ASSIGNMENT:
Would you reproduce, word for word, only the lines running from the top of the data through the line containing "So this is it", and none of the pictures?

DATA:
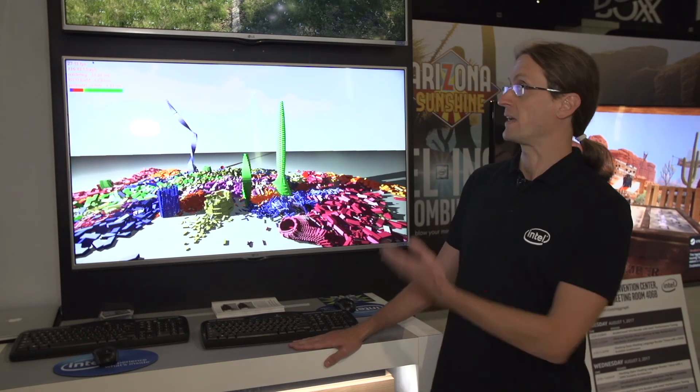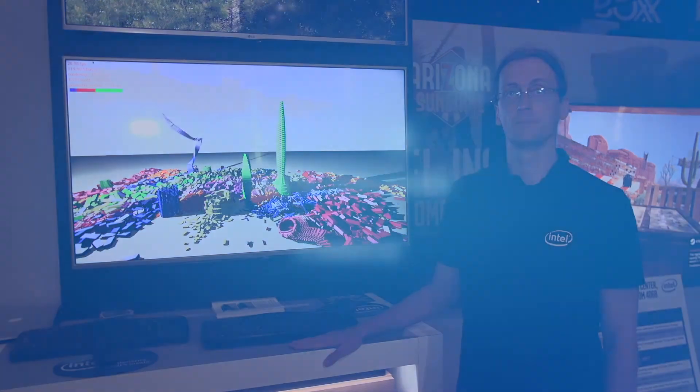Hi, my name is Carsten Benton. I'm one of the core developers of the Embry software ray tracing framework. I'm here at SIGGRAPH, showcasing two application scenarios for the Embry ray tracing kernels.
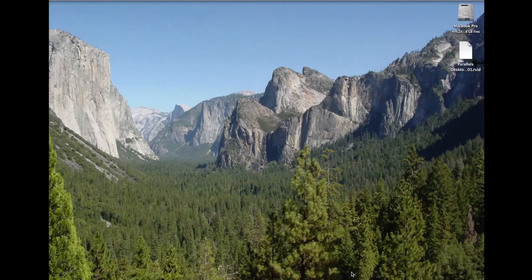We're going to show you how to start up Windows in an Apple operating system environment. Apple's operating system is called OSX. This particular version is the latest one, called Mavericks in 2014. But I can start Windows from my Apple computer. This happens to be a MacBook Pro Retina computer.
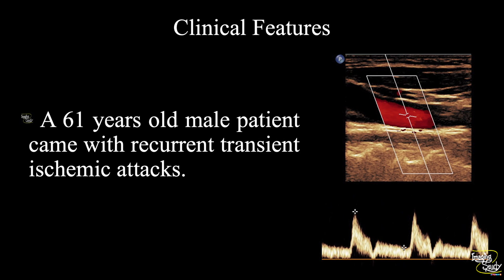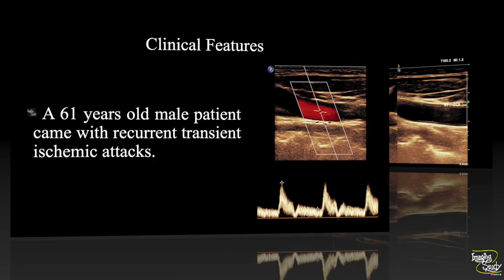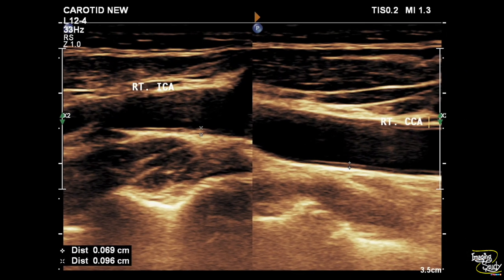Let's see what we have got on ultrasound. Here we have measured the intima medial thickness of the right common and internal carotid arteries. The intima medial thickness is slightly increased in the internal carotid artery.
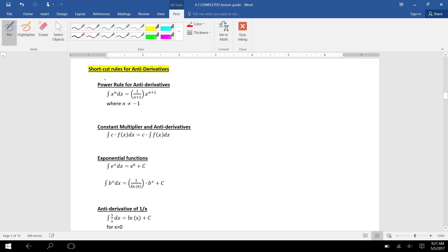Our first rule is finding the antiderivative of power functions. If you want to integrate x to the n — x in the base raised to a power — the antiderivative of x to the n is x to the n plus 1, and then you need to divide by n plus 1, so you multiply out front by 1 over n plus 1.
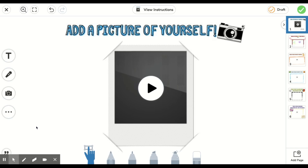Hi students, welcome back to Seesaw. This video will show you how to use both the photo tool as well as the video recording tool that you can find in Seesaw.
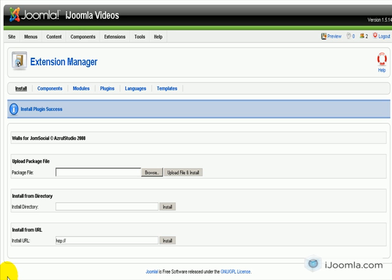So this is it for how to download and install JomSocial. Thanks for watching, this is Mara from iJoomla.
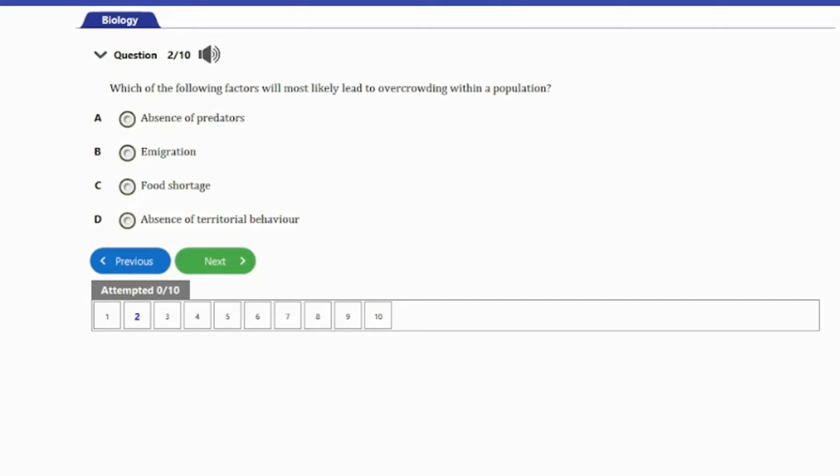Question 2: Which of the following factors will most likely lead to overcrowding within a population? A. Absence of predators. B. Immigration. C. Food shortage. D. Absence of territorial behavior. The answer to this question is option A. Absence of predators will likely lead to overcrowding in a population.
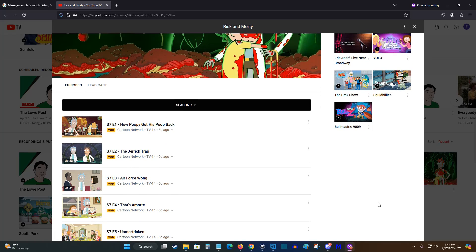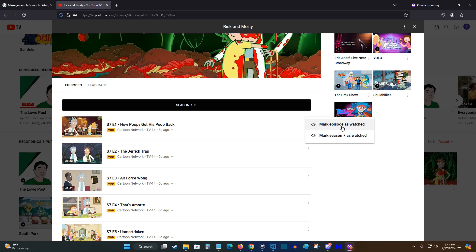And it's easy to manage which episodes you have or haven't seen because you can click on these little dots here on the side and you can mark a particular episode that you've already seen or an entire season that you've already seen.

TASK ANSWER:
Hi, my name is Carsten Benton. I'm one of the core developers of the Embry software ray tracing framework. I'm here at SIGGRAPH, showcasing two application scenarios for the Embry ray tracing kernels.
We're going to show you how to start up Windows in an Apple operating system environment. Apple's operating system is called OSX. This particular version is the latest one, called Mavericks in 2014. But I can start Windows from my Apple computer. This happens to be a MacBook Pro Retina computer.
Let's see what we have got on ultrasound. Here we have measured the intima medial thickness of the right common and internal carotid arteries. The intima medial thickness is slightly increased in the internal carotid artery.
Our first rule is finding the antiderivative of power functions. If you want to integrate x to the n — x in the base raised to a power — the antiderivative of x to the n is x to the n plus 1, and then you need to divide by n plus 1, so you multiply out front by 1 over n plus 1.
Hi students, welcome back to Seesaw. This video will show you how to use both the photo tool as well as the video recording tool that you can find in Seesaw.
So this is it for how to download and install JomSocial. Thanks for watching, this is Mara from iJoomla.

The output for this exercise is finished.